__HOW TO COMPLETE THIS TASK__. Give back exactly the lines that run from the beginning of the entries to the line containing "Hummer H2 (2007-2009)", both included, and nothing else.

Short text fragments from websites
+--
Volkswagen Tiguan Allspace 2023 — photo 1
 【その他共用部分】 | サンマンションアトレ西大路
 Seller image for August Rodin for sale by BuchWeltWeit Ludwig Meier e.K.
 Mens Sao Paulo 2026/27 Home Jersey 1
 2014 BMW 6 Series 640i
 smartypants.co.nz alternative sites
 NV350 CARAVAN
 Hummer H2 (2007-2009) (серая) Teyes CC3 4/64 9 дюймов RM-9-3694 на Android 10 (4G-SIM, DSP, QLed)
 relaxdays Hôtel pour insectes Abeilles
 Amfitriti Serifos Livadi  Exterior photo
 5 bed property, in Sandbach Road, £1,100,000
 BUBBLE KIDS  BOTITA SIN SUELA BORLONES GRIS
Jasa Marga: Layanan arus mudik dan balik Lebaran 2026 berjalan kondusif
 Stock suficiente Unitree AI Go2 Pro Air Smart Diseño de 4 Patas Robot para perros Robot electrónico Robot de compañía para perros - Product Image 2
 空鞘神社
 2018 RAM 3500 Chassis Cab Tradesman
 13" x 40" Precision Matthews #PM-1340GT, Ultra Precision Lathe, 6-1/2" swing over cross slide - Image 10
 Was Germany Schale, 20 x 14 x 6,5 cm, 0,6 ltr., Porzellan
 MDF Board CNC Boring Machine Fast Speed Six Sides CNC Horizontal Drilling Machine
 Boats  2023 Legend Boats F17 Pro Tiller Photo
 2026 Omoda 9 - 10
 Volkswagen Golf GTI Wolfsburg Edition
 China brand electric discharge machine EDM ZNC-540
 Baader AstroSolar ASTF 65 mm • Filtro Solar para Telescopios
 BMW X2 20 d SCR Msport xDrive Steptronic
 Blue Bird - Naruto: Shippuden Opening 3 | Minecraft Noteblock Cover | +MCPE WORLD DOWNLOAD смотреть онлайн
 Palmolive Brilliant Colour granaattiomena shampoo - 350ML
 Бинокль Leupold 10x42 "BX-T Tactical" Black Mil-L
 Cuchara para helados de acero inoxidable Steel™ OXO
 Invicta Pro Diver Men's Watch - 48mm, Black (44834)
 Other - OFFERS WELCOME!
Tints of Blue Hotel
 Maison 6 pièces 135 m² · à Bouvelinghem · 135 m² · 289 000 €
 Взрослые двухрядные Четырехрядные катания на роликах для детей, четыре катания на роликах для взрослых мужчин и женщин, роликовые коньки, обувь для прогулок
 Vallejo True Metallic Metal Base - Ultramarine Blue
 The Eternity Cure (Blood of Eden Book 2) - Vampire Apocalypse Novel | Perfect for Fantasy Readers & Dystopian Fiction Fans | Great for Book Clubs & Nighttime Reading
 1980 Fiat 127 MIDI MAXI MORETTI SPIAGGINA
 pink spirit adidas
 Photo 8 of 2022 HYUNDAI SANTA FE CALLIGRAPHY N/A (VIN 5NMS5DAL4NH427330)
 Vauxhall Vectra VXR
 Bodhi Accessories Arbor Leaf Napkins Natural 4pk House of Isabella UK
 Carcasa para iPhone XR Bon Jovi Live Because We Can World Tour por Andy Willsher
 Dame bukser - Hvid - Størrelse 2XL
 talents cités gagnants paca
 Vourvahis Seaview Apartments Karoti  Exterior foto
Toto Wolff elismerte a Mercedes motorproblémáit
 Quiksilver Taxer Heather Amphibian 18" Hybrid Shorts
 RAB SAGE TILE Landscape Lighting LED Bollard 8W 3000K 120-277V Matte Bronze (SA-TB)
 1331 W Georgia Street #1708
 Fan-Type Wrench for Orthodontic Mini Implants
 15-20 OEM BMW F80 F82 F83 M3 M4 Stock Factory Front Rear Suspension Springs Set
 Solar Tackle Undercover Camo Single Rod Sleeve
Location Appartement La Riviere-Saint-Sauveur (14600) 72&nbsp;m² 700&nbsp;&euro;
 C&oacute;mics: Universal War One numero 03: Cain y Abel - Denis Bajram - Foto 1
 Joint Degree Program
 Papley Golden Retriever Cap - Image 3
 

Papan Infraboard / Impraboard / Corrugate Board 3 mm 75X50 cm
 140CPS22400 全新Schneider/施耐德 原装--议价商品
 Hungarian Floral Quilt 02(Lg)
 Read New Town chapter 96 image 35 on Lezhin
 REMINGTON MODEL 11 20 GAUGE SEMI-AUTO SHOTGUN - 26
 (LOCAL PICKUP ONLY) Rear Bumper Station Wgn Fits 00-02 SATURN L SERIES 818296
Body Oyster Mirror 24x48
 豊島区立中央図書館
+--
__SOLVED EXERCISE__.
Volkswagen Tiguan Allspace 2023 — photo 1
 【その他共用部分】 | サンマンションアトレ西大路
 Seller image for August Rodin for sale by BuchWeltWeit Ludwig Meier e.K.
 Mens Sao Paulo 2026/27 Home Jersey 1
 2014 BMW 6 Series 640i
 smartypants.co.nz alternative sites
 NV350 CARAVAN
 Hummer H2 (2007-2009) (серая) Teyes CC3 4/64 9 дюймов RM-9-3694 на Android 10 (4G-SIM, DSP, QLed)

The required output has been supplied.